Picking up the ball at the edge of the area with 20 minutes played against Swansea, the Chilean didn't hesitate or overthink. He did what we have come to expect of him - he set himself, calibrated his sights, and fired into the bottom corner.
It wasn't a stunning goal but it was a good one and only his second in the league since moving to the North West
It was certainly more convincing than the penalty rebound with which he opened his account against Huddersfield a month ago.
Things haven't clicked for Sánchez at United
Ever since he moved from Arsenal at the end of January, there has been a cloud over Sánchez. He has looked desperate to make the move work but rumours have already circulated that he is an isolated figure in the dressing room and he has been a long way from his best on the pitch.
He has looked a player trying to play at 45 RPM while his teammates have been at 33 - something has just been off, a setting not quite right somewhere in his wiring. He has hustled and bustled and tried to make an impact, but lost the ball more than any other player in the league.
In hindsight, it shouldn't have been surprising. The cloud was mostly of his own making, an inevitable by-product of his self-engineered fall from grace at the Emirates.
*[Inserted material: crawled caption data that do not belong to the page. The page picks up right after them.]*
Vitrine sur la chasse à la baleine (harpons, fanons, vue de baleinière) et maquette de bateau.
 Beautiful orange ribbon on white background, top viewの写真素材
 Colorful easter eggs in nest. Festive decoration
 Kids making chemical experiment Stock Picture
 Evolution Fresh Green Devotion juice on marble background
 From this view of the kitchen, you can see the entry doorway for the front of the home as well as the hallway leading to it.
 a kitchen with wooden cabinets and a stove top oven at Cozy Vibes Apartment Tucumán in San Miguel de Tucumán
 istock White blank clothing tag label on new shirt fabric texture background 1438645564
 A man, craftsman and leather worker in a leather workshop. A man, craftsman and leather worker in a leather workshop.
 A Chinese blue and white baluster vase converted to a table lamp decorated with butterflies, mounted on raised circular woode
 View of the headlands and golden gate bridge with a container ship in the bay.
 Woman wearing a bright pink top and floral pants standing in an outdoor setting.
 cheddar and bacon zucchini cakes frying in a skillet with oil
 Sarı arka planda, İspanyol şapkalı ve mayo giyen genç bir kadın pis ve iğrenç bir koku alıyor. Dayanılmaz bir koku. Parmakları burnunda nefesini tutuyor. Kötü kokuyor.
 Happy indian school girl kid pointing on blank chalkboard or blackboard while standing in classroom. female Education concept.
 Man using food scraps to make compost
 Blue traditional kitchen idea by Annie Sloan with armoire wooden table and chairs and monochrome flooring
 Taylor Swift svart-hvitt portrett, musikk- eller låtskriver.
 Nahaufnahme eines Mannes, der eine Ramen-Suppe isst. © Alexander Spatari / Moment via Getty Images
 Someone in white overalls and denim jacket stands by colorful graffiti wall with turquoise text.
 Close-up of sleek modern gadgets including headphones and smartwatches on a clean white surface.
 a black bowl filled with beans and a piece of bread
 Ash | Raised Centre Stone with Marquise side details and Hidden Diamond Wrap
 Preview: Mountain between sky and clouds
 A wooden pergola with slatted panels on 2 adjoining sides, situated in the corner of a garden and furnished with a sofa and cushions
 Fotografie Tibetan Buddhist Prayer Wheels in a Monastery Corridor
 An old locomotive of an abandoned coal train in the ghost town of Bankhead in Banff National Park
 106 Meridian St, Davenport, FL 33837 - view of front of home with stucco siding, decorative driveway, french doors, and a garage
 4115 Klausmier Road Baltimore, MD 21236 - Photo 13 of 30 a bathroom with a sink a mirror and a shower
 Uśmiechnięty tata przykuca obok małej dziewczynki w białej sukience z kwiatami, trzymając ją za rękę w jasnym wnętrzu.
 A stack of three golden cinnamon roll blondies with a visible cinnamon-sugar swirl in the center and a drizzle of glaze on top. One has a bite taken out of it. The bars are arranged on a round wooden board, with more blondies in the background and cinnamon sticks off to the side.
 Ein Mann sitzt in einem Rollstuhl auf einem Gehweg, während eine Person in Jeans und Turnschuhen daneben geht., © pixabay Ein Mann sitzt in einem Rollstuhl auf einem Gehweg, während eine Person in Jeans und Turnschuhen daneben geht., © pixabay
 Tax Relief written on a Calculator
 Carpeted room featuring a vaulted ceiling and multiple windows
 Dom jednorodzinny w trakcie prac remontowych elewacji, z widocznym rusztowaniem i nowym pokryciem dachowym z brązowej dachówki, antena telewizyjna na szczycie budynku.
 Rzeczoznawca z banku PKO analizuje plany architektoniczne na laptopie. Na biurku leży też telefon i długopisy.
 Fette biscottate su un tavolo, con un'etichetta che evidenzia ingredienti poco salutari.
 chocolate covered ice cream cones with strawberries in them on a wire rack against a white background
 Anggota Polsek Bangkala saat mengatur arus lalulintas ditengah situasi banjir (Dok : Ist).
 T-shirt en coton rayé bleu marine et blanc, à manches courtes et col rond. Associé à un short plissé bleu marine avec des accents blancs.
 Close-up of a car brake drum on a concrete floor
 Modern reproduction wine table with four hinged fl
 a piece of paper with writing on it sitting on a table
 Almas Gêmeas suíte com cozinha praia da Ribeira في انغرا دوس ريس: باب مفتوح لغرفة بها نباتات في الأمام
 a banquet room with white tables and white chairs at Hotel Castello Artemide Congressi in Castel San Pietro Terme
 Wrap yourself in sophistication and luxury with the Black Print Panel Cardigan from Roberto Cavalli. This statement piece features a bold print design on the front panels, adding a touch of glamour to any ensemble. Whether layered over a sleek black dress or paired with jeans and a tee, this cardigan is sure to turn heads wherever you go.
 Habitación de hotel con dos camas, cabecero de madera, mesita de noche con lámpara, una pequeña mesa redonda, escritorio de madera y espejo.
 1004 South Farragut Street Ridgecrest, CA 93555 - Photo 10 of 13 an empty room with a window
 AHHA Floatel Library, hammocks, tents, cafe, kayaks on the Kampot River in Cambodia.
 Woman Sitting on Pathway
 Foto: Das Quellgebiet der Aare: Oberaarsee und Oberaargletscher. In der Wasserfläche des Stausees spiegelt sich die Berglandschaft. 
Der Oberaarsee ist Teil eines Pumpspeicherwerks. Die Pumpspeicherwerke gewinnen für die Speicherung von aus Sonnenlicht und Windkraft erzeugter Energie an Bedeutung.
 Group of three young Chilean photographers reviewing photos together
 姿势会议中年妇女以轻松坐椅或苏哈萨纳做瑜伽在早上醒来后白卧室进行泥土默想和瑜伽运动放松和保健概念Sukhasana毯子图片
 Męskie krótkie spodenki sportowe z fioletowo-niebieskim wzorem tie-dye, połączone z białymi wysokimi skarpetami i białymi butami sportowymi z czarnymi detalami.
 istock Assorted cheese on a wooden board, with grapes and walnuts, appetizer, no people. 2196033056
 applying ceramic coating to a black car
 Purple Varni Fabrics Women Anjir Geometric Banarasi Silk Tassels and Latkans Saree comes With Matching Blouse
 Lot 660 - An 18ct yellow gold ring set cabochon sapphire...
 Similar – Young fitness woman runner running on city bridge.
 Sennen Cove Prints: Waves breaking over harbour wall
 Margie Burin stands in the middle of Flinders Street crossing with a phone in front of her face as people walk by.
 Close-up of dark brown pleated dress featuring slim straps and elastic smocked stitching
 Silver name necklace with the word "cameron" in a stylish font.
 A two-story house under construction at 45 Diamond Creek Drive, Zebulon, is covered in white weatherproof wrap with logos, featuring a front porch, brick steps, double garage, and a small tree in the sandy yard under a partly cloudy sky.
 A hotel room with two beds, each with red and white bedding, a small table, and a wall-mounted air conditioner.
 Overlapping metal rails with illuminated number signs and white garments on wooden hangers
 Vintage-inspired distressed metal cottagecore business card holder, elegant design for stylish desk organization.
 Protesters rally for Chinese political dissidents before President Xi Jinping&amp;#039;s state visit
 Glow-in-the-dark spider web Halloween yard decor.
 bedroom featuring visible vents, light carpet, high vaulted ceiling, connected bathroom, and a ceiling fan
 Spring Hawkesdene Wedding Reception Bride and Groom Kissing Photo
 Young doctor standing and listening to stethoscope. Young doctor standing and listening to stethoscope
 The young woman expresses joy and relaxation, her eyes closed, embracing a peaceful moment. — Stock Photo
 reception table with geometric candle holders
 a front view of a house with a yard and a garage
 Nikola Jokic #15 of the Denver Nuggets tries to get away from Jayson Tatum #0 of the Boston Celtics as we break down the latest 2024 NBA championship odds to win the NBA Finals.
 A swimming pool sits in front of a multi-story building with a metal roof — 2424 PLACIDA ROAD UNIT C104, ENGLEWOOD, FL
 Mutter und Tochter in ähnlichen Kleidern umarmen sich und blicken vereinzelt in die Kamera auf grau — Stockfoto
It simply wasn't realistic to expect him to go from playing at 50% to rediscover his best form. He hadn't been in love with football in his final few months at Arsenal. Something needed to rekindle the spark.
A much-needed break
It had seemed that what he needed was a break, the summer of respite that Chile's failure to qualify for the World Cup would give him. Absence would make the heart grow stronger and he would return rested, refocused, and ready to fire.
But if this goal against Swansea does prove to be the jumpstart he needed for a late-season renaissance, it perhaps is fitting that it comes just after an international break.
Sánchez didn't rest during those two off weeks. He had international trips to Sweden and Denmark to contend with, starting both matches for his country as Chile won one and drew one.
They and he did not set the world alight, but wearing his country's shirt for the first time since his World Cup dream was ended in October will have been a rejuvenating experience for him.
A greater innocence in the international game
Sánchez loves playing for his country. The childhood dreams of pulling on the shirts of Barcelona and Manchester United, perhaps the two biggest clubs in world football, have been achieved but it is unlikely anything he has accomplished in his career will mean more to him than the instrumental role he played in back-to-back Copa América titles in 2015 and 2016.
Playing for Chile, there would be no talk of the ludicrous wage he earns for every appearance at Manchester United.
Playing for Chile, there would be no envious peeks at the league table and the Manchester City side he looked so certain to join.
Playing for Chile, there would be no question marks about his ability to fit into a functional but unspectacular and generally underachieving team, stacked with handsomely paid superstars.
International football represents more of what made Sánchez fall in love with football as a youngster than the domestic money-spinning career he has turned it into. Maybe the much-maligned international friendly - football for the sake of football - was what he needed to remind him of the freedom he used to play with.
Time will tell. Likely, we won't see the very best of him again until after a summer's rest and a full pre-season, if at all.
But one moment can have a big impact on a player, especially a player who thrives on his own self-perpetuating confidence to the extent of Sánchez. He may just have rediscovered his spark.